[[ Supplied records open ]]

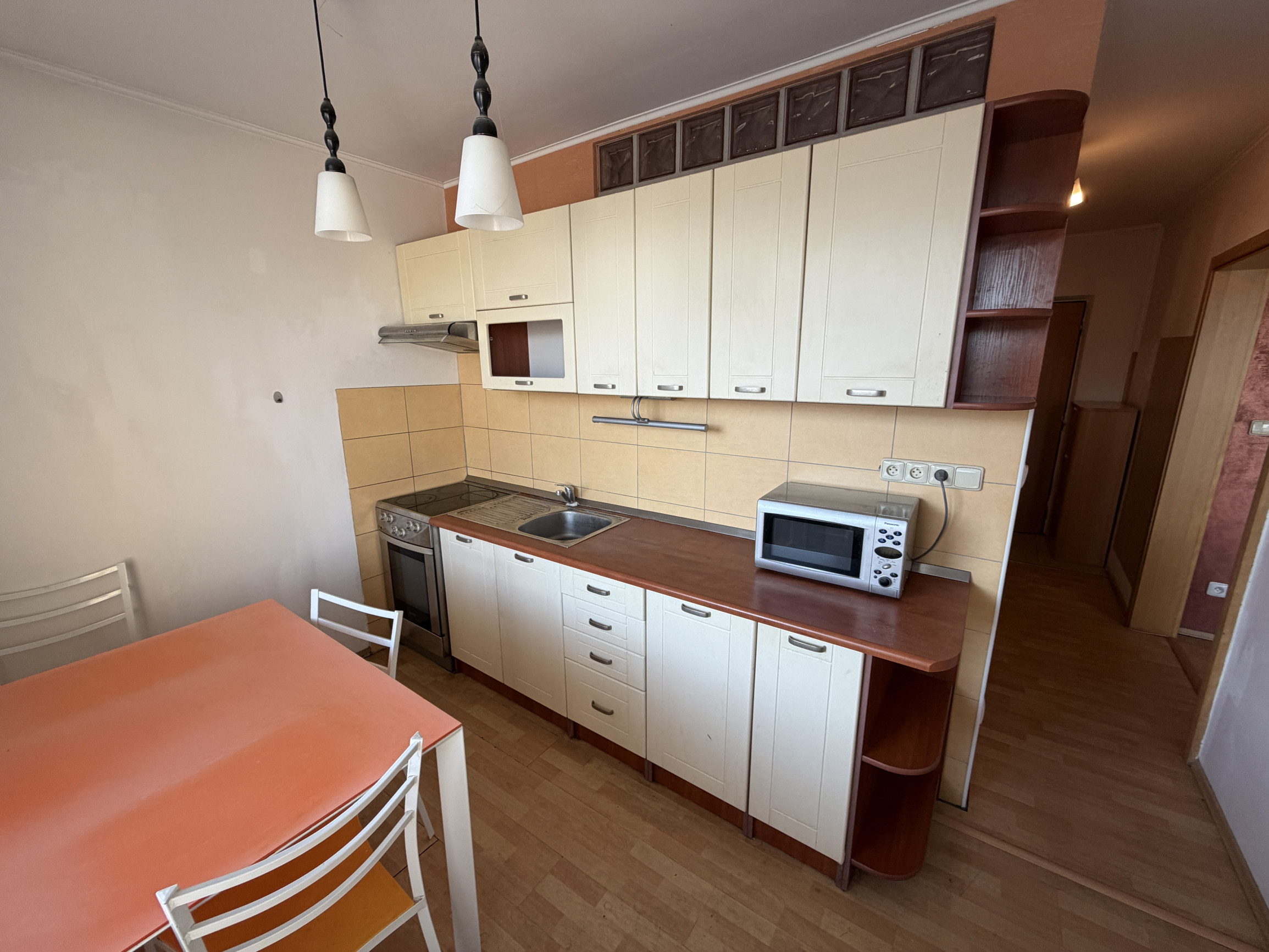 REZERVOVANÉ - Na predaj 1-izbový byt s dvoma loggiami – Roveň, Ružomberok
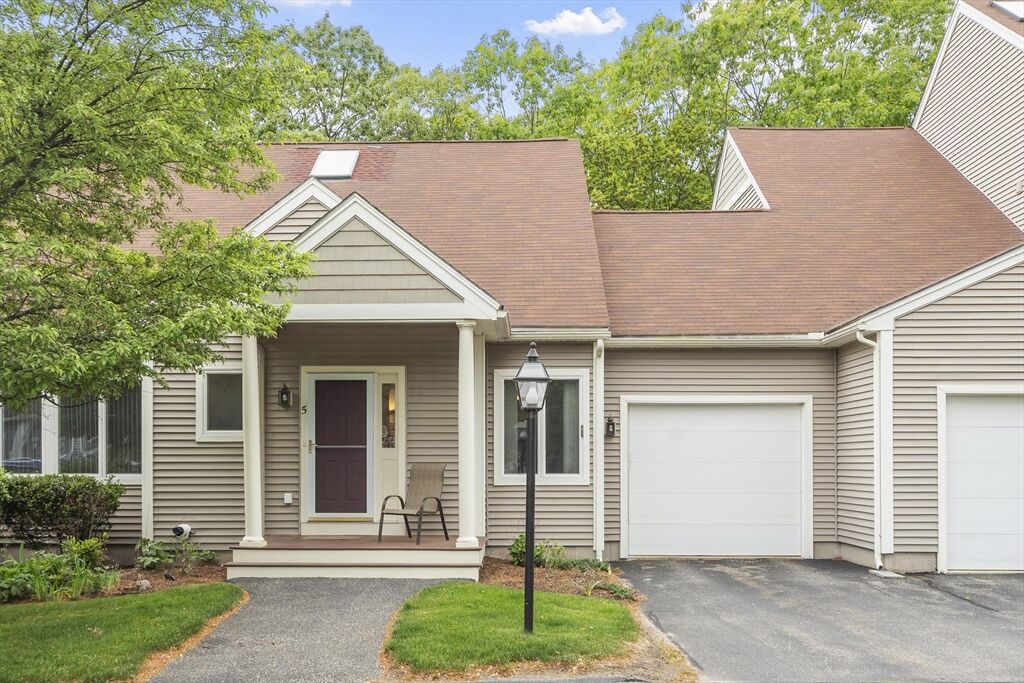 Property Photo: 5 Vine Brook Way 5 MA 01801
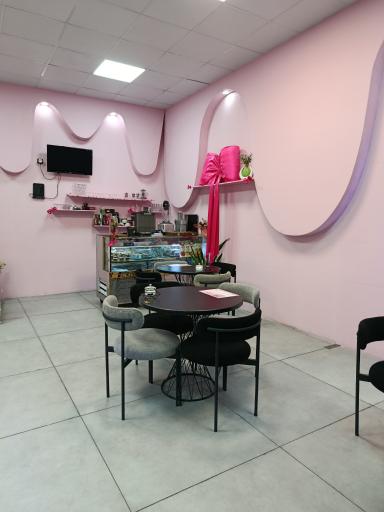 عکس کافه قنادی شوکولایف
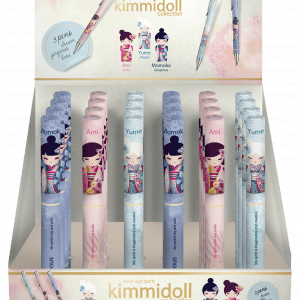 Exhibición de bolígrafos Kimmidoll con diseños de los personajes Ami, Yume y Momoka en un soporte decorativo.
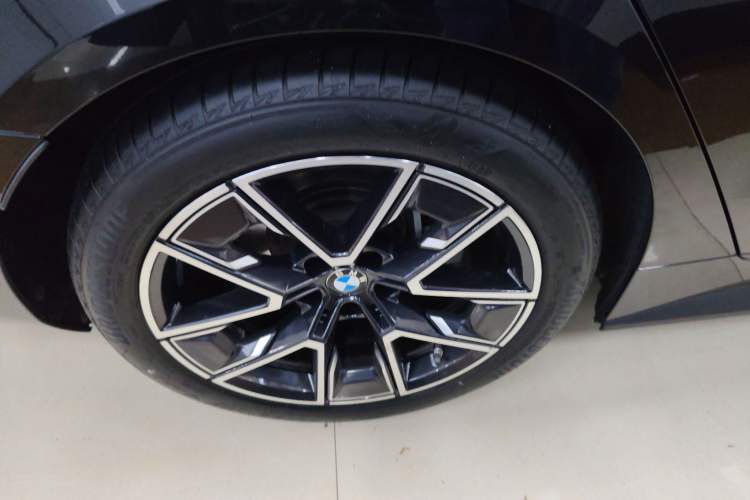 Used BMW 4 Series 2022 425i Gran Coupe M Sport Package Right Rear Wheel Hub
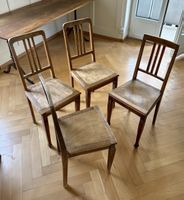 4 alte Beizenstühle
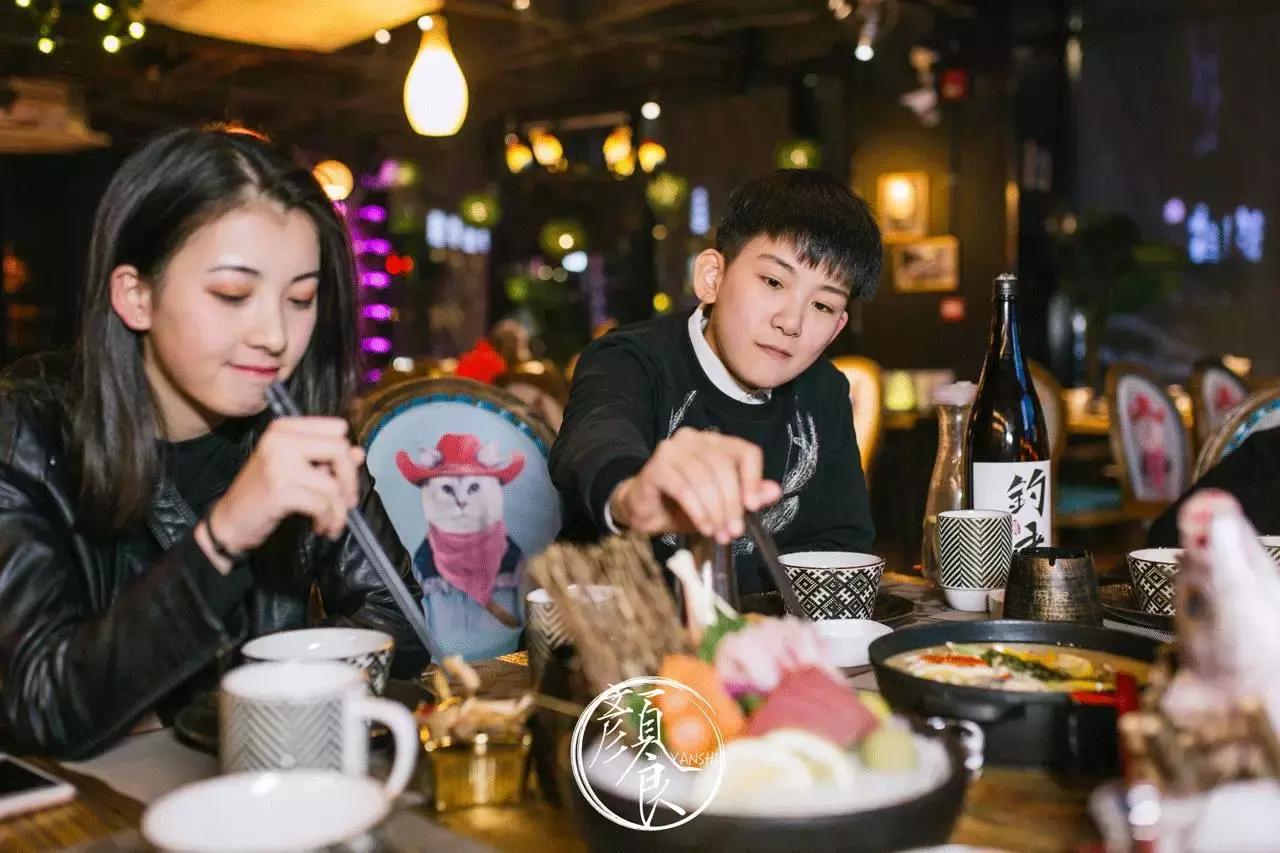 钓者崇尚自然，醉心音乐，寄情山海之间也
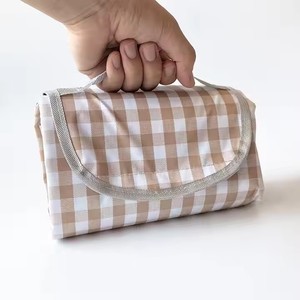 <span class=keywords><strong>Manta</strong></span> de <span class=keywords><strong>Picnic</strong></span> <span class=keywords><strong>Impermeable</strong></span> en Oferta, <span class=keywords><strong>200x200</strong></span>, Portátil, Económica, Dos en Uno, Tapete de Playa y Camping con Bolsa - Product Image 2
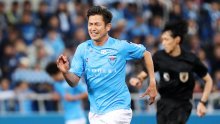 Legendarni Kazuyoshi Miura i dalje ne staje: U 53. godini produljio ugovor sa svojim klubom i čeka derbi s Iniestom, Villom i Podolskim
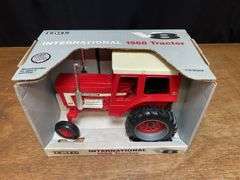 1/16 IH 1568 NIB Ertl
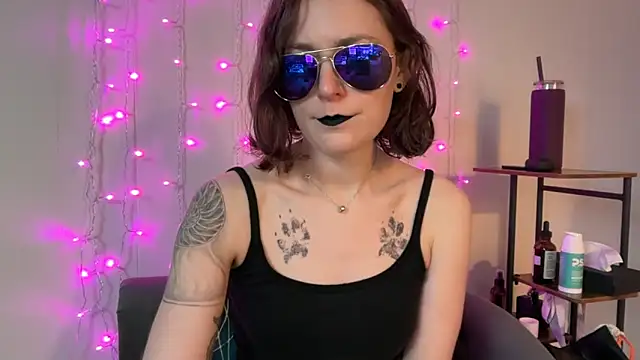 mistressannafoxx online show from October 24, 2025, 8:38 pm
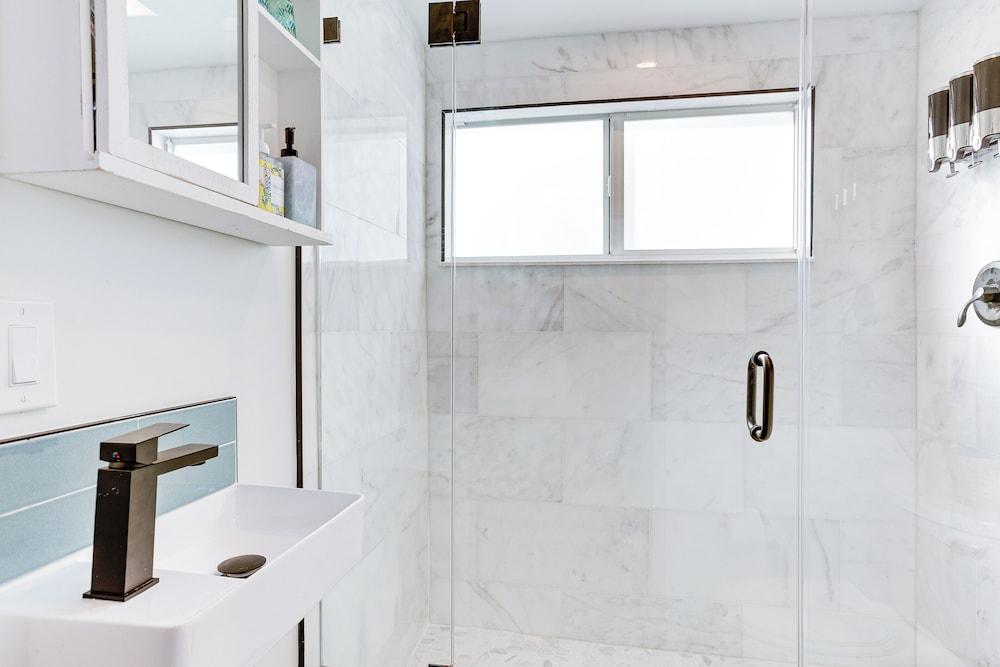 Heated Pool + Backyard: North Palm Beach Retreat!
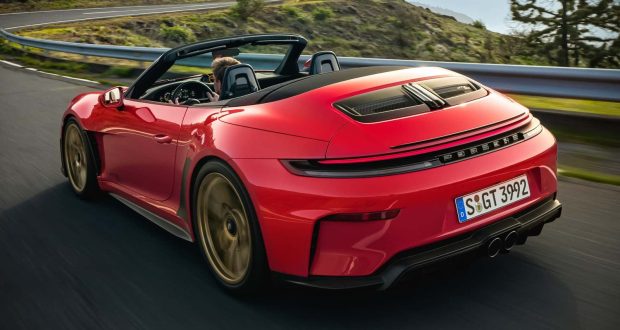 Novo Porsche 911 GT3 cabriolet estreia com câmbio manual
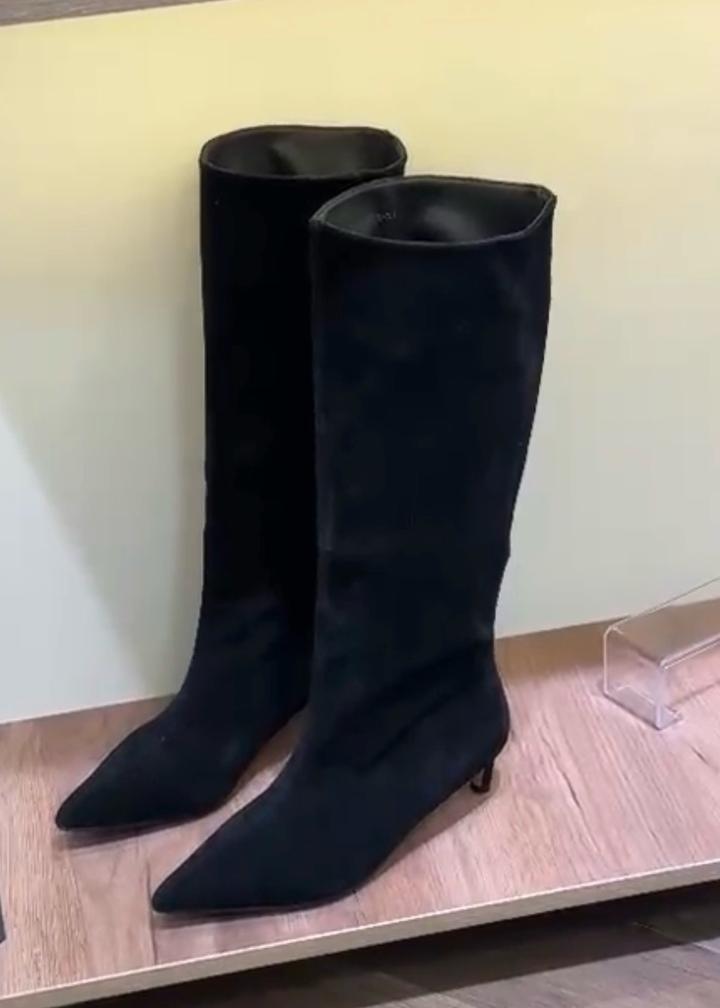 Сапоги из замши на каблуке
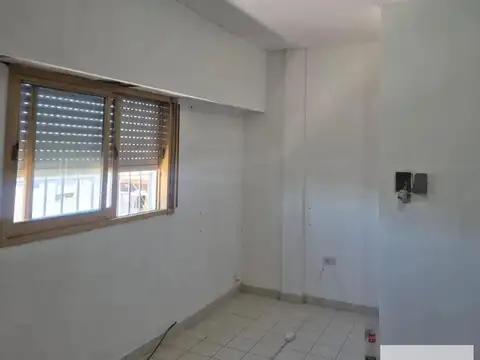 Oficina en alquiler - 1 Baño - Ituzaingó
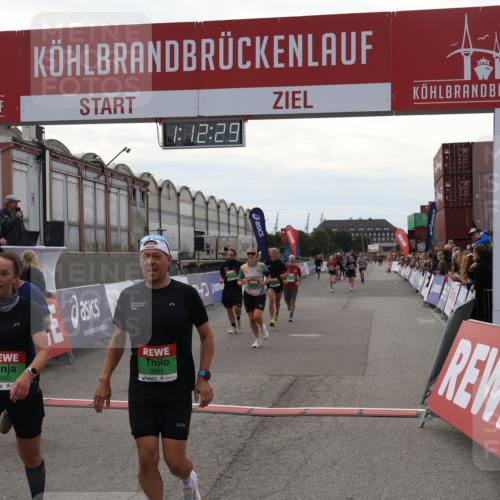 03.10.2025 - Köhlbrandbrückenlauf Julia Fischer http://msf.ph/oto/9021993 03.10.2025 16:12:30 Ziel 7203, 7654, 7688, 8501, 8901, 9060, 9061, 9359, 9454, 9677, 9706 meine-sportfotos.de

[[ Supplied records closed ]]

▸ **What you will do**: Your answer must be the lines from the one containing "Heated Pool +" through the last line of the records, printed exactly with no pictures; please include both ends.

▸ **Reply to the task**:
 Heated Pool + Backyard: North Palm Beach Retreat!
 Novo Porsche 911 GT3 cabriolet estreia com câmbio manual
 Сапоги из замши на каблуке
 Oficina en alquiler - 1 Baño - Ituzaingó
 03.10.2025 - Köhlbrandbrückenlauf Julia Fischer http://msf.ph/oto/9021993 03.10.2025 16:12:30 Ziel 7203, 7654, 7688, 8501, 8901, 9060, 9061, 9359, 9454, 9677, 9706 meine-sportfotos.de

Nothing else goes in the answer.